Daha çok küçükken yani hayat hakkında hiç fikrim yokken; aşk tesadüfleri sever filminde geçen bir söz; beni bugün olduğum kişi yaptı. Şöyle diyordu;

''Hayat bir çerçeve gibidir.'' diyordu. Sonra oğluna; senin çerçeven çizilmiş onun dışına çıkamazsın diye devam ederken ilerleyen sahnelerde benim için epik olan kısma geliyordu. ''Mesele o çerçeve değilmiş, mesele o çerçevenin içine hangi resmi koyduğunmuş.'' Belki aylarca düşündüm bu metafor üzerinde. Gerçekten çerçevelerimiz sabit miydi, sadece çerçevenin içine koyduğumuz resimler kadar mı vardık?

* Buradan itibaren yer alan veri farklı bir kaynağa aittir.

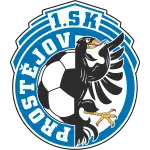 Prostějov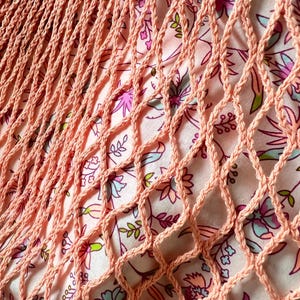 Lindsay ha aggiunto una foto del proprio acquisto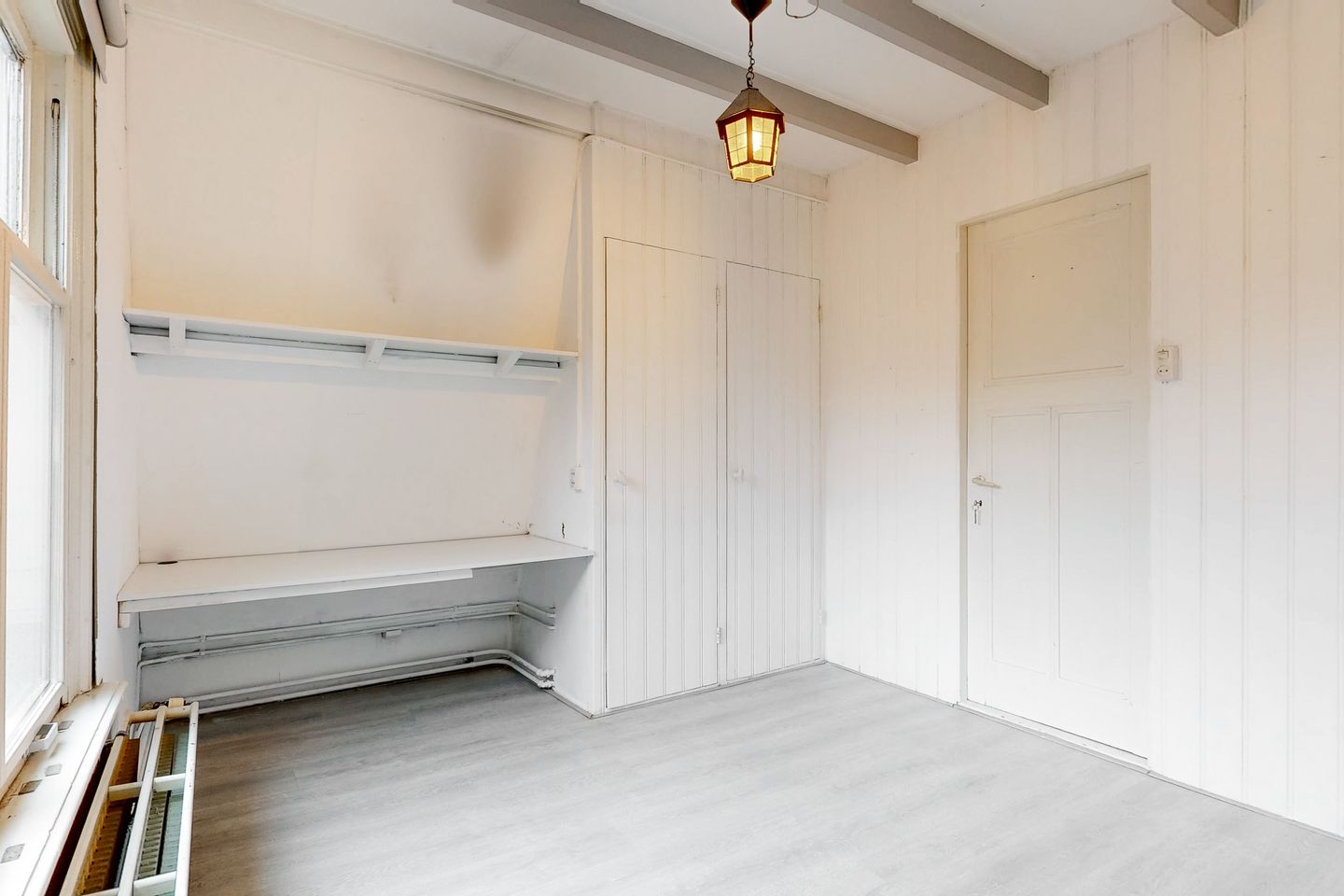 Foto 19 van Middelweg 28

Senin çerçeven çizilmiş, sınırların dışına çıkamazsın dediği için ben bunu kendi açımdan hayat pencere gibidir diye çevirdim. Çünkü çerçeveler çeşit çeşit olabilir ama bellidir. Peki ya hayata baktığımız pencereler?

Uzun tren yolculuğunda ki pencere, otobüs penceresi, araba penceresi, evimizin penceresi, gittiğim her yerde ilk pencereleri aradım. Çünkü onları açıp derin bir nefes alıyorduk. Tıpkı doğum gibi, tıpkı sabah uyanmak gibi, tıpkı bugün yeni hayatımın ilk günü demek gibi. Açılan pencereler her zaman umut vaat ediyordu. Mesela karanlık bir geceye açılmazdı hiç bir zaman pencere, hep güneşli günlere açılırdı. İlk cemre havaya düştüğü zaman; kış gelene kadar açık kalırdı pencereler. Nasıl ki kış durup dinlenme zamanı, yaz hareket, bereket. İşte açık pencerelerde benim için onunla özdeşmişti.

Ayrıca pencereniz de sizinle hareket ediyordu, şekil değiştiriyordu. Ve en önemli kısım; pencerenizin manzarasıydı. Yani sabit bir pencerede otursanız bile manzaranız değişmeye devam edecekti. Tıpkı hayat gibi akışkandı. Oysaki fotoğraf, resim duruyordu. Onu hep ilk günkü gibi hatırlardık. Manzaralarsa ise; değiştikçe, dönüştükçe yaşamı iliklerinize kadar hissettirirdi. Her gün yürüdüğünüz sokakta yeni açılan mağaza misali....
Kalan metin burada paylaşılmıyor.